June 22, 2011 | Leslie Hill
Though they lived and work in similar circles, it took a neuroendocrine cancer diagnosis for Mary Anne Harwell and Jeannie Hastings to really get to know one another.
Jeannie and Mary Anne were diagnosed with neuroendocrine tumors of the colon within days of each other. Their husbands Jim Hastings and Jonny Harwell agree that it helped both women to know someone else diagnosed with the same rare cancer.
“Jeannie would have treatments and Mary Anne would come with her. Mary Anne’s friends became Jeannie’s friends and vice versa,” Hastings said.
Both women were devoted volunteers in the Nashville community, but instead of just worrying about their own health, they tried to find ways they could help Vanderbilt-Ingram Cancer Center. Noticing that the televisions in infusion rooms were outdated, they raised money to purchase 23 new TV/DVD combinations to replace the older equipment.
“During the first two months of Mary Anne’s treatment, the old machines were removed and the new ones were installed,” Harwell said. “Once Mary Anne focused on a problem, she believed in taking the necessary actions to get it done.”

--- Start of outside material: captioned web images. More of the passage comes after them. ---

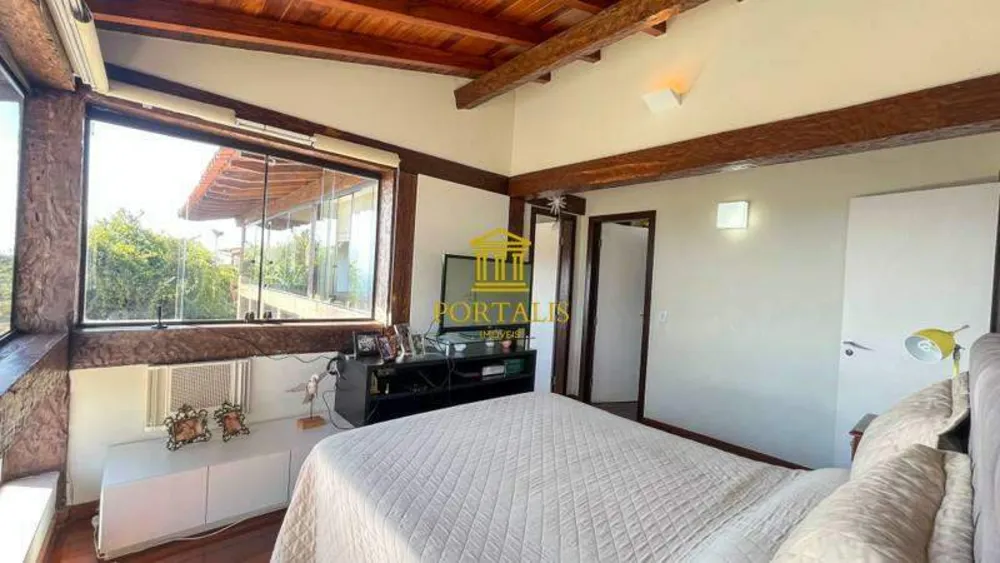 Casa, 4 quartos, 330 m² - Foto 1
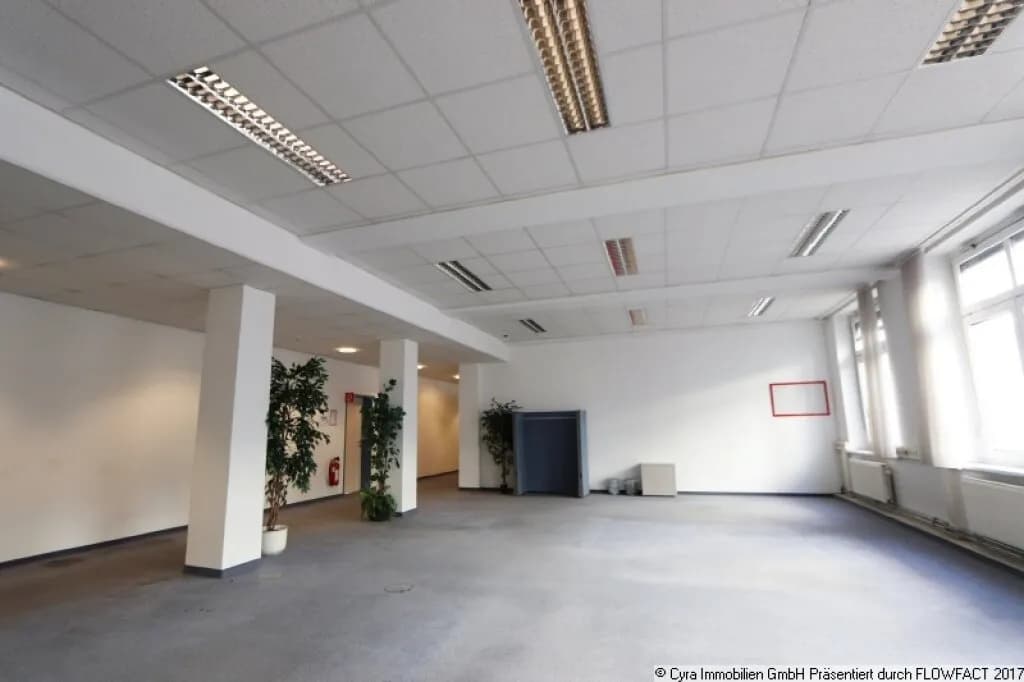 Gewerbeimmobilie mieten in Linz – 2 000 m², € 28.050 – Bild 10 von 17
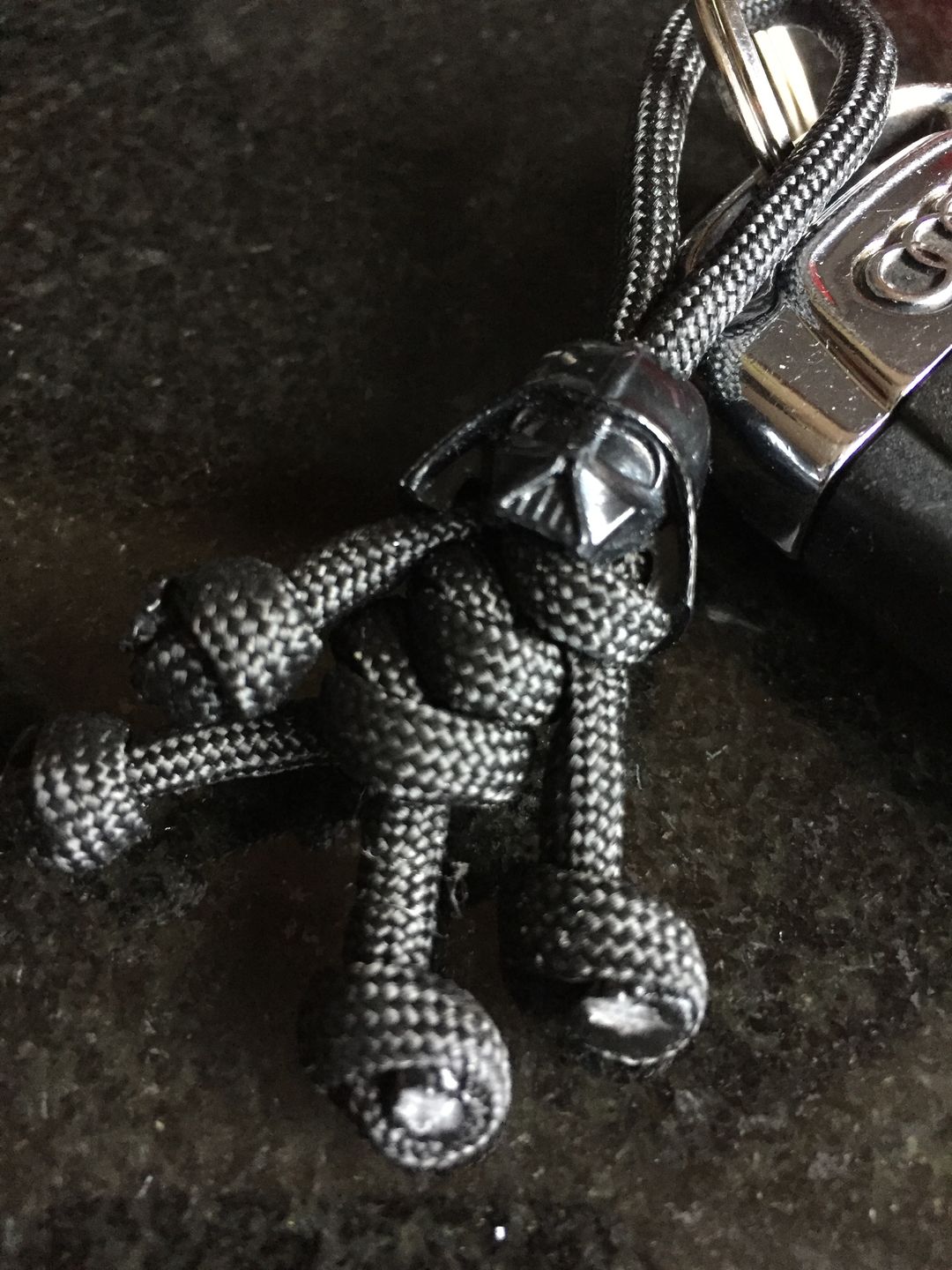 Customer photo review of Darth Vader Paracord Buddy Keychain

Mary Anne worked for the Metro Development and Housing Agency and Broadway Revitalization Committee until the first of her two daughters was born. She continued with civic and charity work, including volunteering with Friends of Children’s Hospital, Junior League of Nashville, Tennessee Historical Society, Cheekwood and the Greater Nashville Arts Foundation.
Mary Anne died June 14, 2008, at age 55.
Jeannie, a mother of three sons, was a committed volunteer with the Nashville Symphony, Montgomery Bell Academy, Ensworth School and Calvary United Methodist Church. She was also an active partner in Hastings Architecture Associates, which she and Jim founded.
“She could walk in a room and light it up,” said Hastings. “She had the most wonderful personality and never met a stranger. Everybody was equal in her eyes, and she had friends in all walks of life.”
Jeannie died Aug. 3, 2007, at age 64.
After their deaths, friends and family were inspired to continue their good works and named an exam room for Jeannie and established a discovery grant in Mary Anne’s name.
“They would be extremely appreciative of these donations. Something good will definitely come out of this generosity,” Harwell said.